By analyzing existing cross correlation between Suzano Papel e and Mercer International, you can compare the effects of market volatilities on Suzano Papel and Mercer International and check how they will diversify away market risk if combined in the same portfolio for a given time horizon. You can also utilize pair trading strategies of matching a long position in Suzano Papel with a short position of Mercer International. Check out your portfolio center.

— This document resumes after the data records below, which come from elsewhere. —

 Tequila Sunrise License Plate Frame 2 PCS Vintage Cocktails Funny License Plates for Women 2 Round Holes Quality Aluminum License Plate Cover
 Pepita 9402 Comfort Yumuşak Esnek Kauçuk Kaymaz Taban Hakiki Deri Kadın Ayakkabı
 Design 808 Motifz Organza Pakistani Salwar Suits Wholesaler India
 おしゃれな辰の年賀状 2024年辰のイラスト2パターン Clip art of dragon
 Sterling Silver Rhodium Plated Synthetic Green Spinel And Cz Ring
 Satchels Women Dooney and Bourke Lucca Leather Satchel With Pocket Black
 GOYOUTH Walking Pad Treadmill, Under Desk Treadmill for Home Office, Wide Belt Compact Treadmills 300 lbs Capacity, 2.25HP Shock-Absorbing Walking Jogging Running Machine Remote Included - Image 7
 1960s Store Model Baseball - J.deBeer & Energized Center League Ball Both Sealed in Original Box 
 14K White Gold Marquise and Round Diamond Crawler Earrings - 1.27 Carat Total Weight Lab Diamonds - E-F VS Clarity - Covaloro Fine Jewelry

Please also check ongoing floating volatility patterns of Suzano Papel and Mercer International.
Diversification Opportunities for Suzano Papel and Mercer International
0.03 | Correlation Coefficient |
Significant diversification
The 3 months correlation between Suzano and Mercer is 0.03. Overlapping area represents the amount of risk that can be diversified away by holding Suzano Papel e and Mercer International in the same portfolio, assuming nothing else is changed. The correlation between historical prices or returns on Mercer International and Suzano Papel is a relative statistical measure of the degree to which these equity instruments tend to move together. The correlation coefficient measures the extent to which returns on Suzano Papel e are associated (or correlated) with Mercer International. Values of the correlation coefficient range from -1 to +1, where. The correlation of zero (0) is possible when the price movement of Mercer International has no effect on the direction of Suzano Papel i.e., Suzano Papel and Mercer International go up and down completely randomly.

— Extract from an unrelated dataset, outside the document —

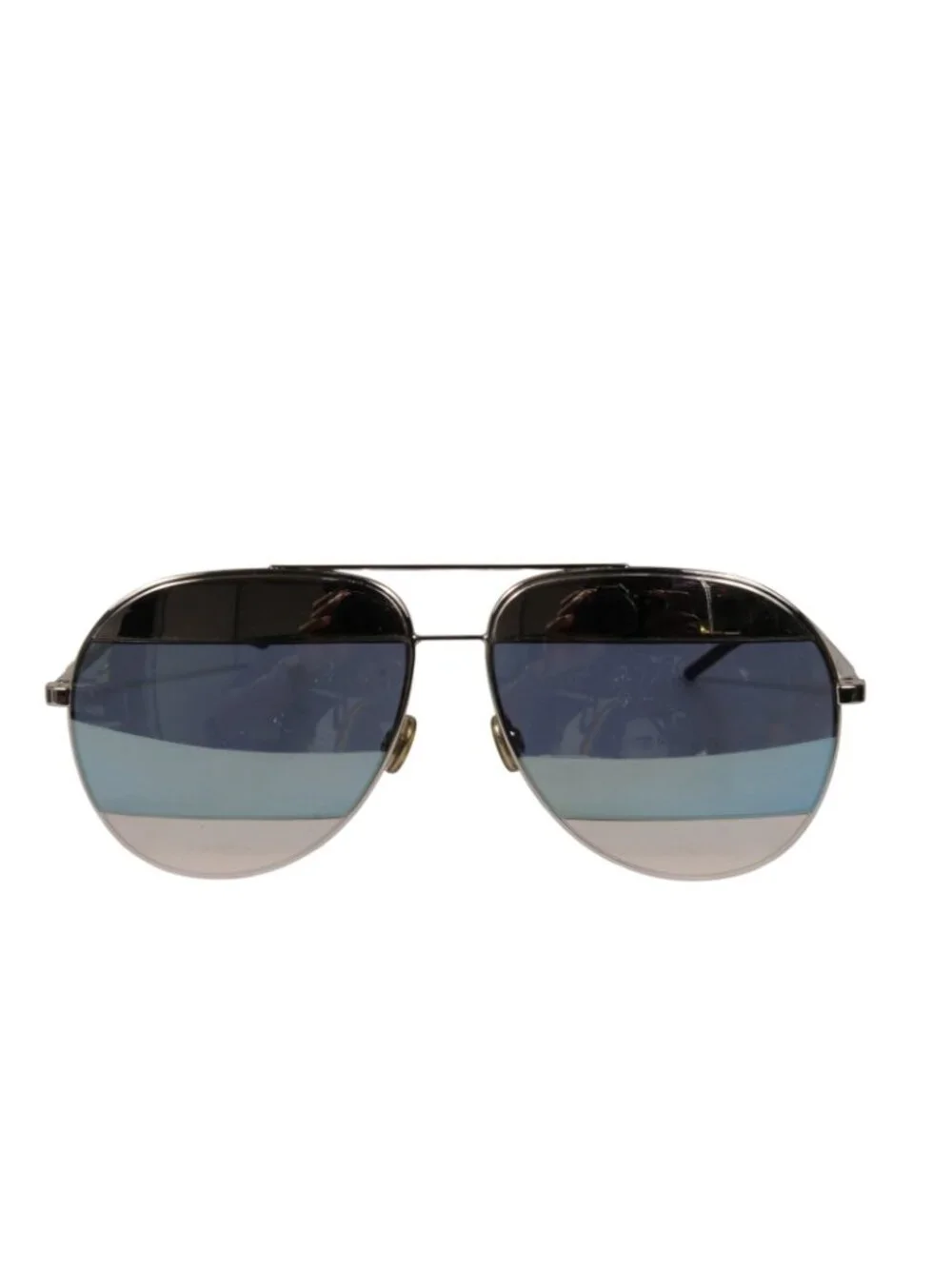 Dior Womens Split 1 Aviator Sunglasses 0103J Silver Blue Grey Silver Glasses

Pair Corralation between Suzano Papel and Mercer International
Considering the 90-day investment horizon Suzano Papel is expected to generate 2.45 times less return on investment than Mercer International. But when comparing it to its historical volatility, Suzano Papel e is 2.01 times less risky than Mercer International. It trades about 0.05 of its potential returns per unit of risk. Mercer International is currently generating about 0.06 of returns per unit of risk over similar time horizon. If you would invest 553.00 in Mercer International on September 4, 2024 and sell it today you would earn a total of 53.00 from holding Mercer International or generate 9.58% return on investment over 90 days.

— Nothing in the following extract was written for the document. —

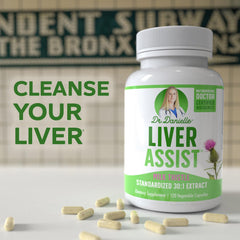Boxed packaging and lifestyle shot showing Doctor Danielle Liver Assist in a healthy home setting.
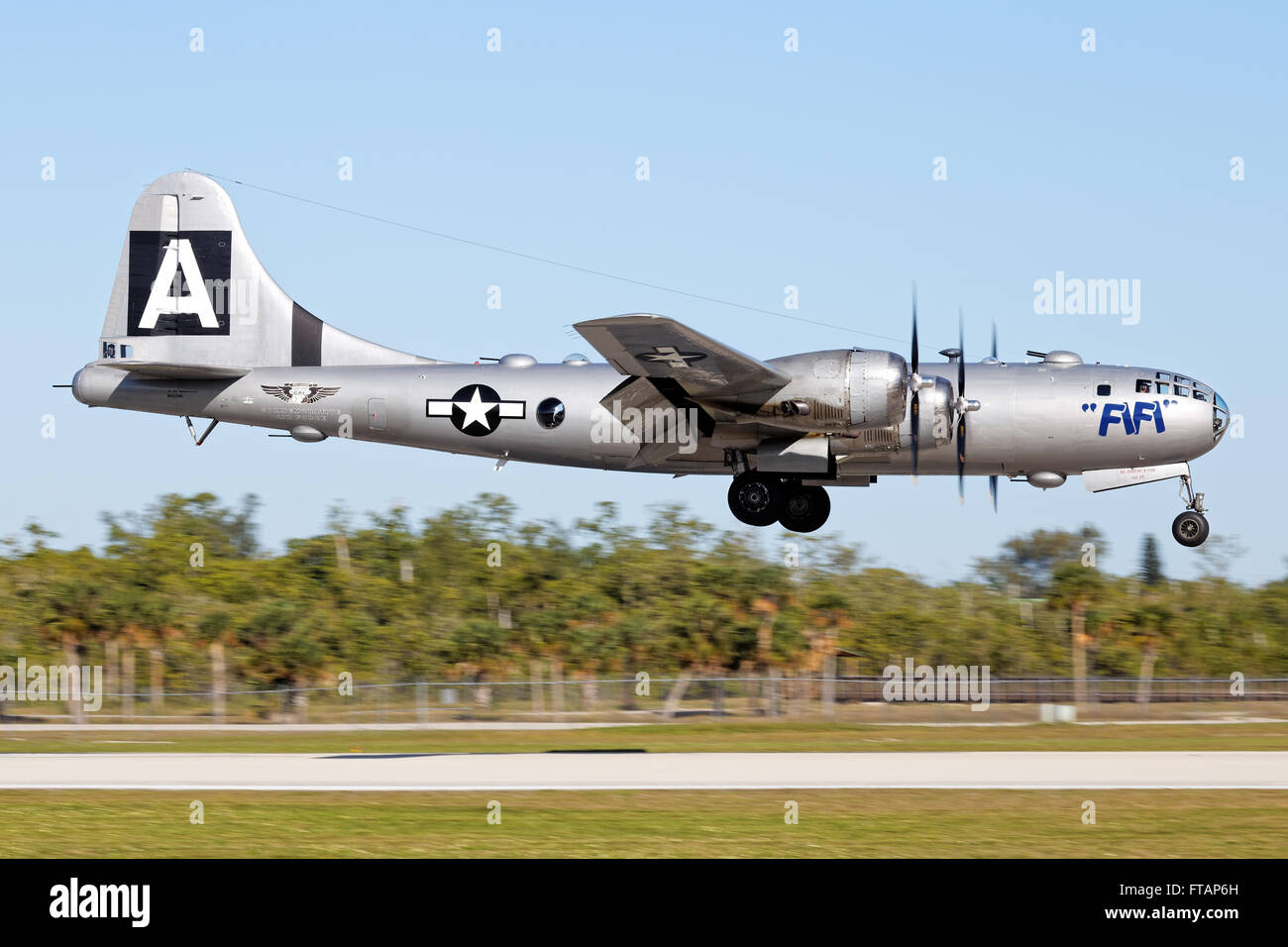 Boeing B-29 'Fifi' landing at Naples Airport, Florida Stock Photo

Time Period | 3 Months [change] |
Direction | Moves Together |
Strength | Insignificant |
Accuracy | 100.0% |
Values | Daily Returns |
Suzano Papel e vs. Mercer International
Performance |
Timeline |
Suzano Papel e |
Mercer International |
Suzano Papel and Mercer International Volatility Contrast
Predicted Return Density |
Returns |
Pair Trading with Suzano Papel and Mercer International
The main advantage of trading using opposite Suzano Papel and Mercer International positions is that it hedges away some unsystematic risk. Because of two separate transactions, even if Suzano Papel position performs unexpectedly, Mercer International can make up some of the losses. Pair trading also minimizes risk from directional movements in the market. For example, if an entire industry or sector drops because of unexpected headlines, the short position in Mercer International will offset losses from the drop in Mercer International's long position.Suzano Papel vs. Clearwater Paper | Suzano Papel vs. Mercer International | Suzano Papel vs. Klabin Sa A | Suzano Papel vs. Sylvamo Corp |
Mercer International vs. Sylvamo Corp | Mercer International vs. Suzano Papel e | Mercer International vs. UPM Kymmene Oyj | Mercer International vs. Clearwater Paper |
Check out your portfolio center.Note that this page's information should be used as a complementary analysis to find the right mix of equity instruments to add to your existing portfolios or create a brand new portfolio. You can also try the Portfolio Rebalancing module to analyze risk-adjusted returns against different time horizons to find asset-allocation targets.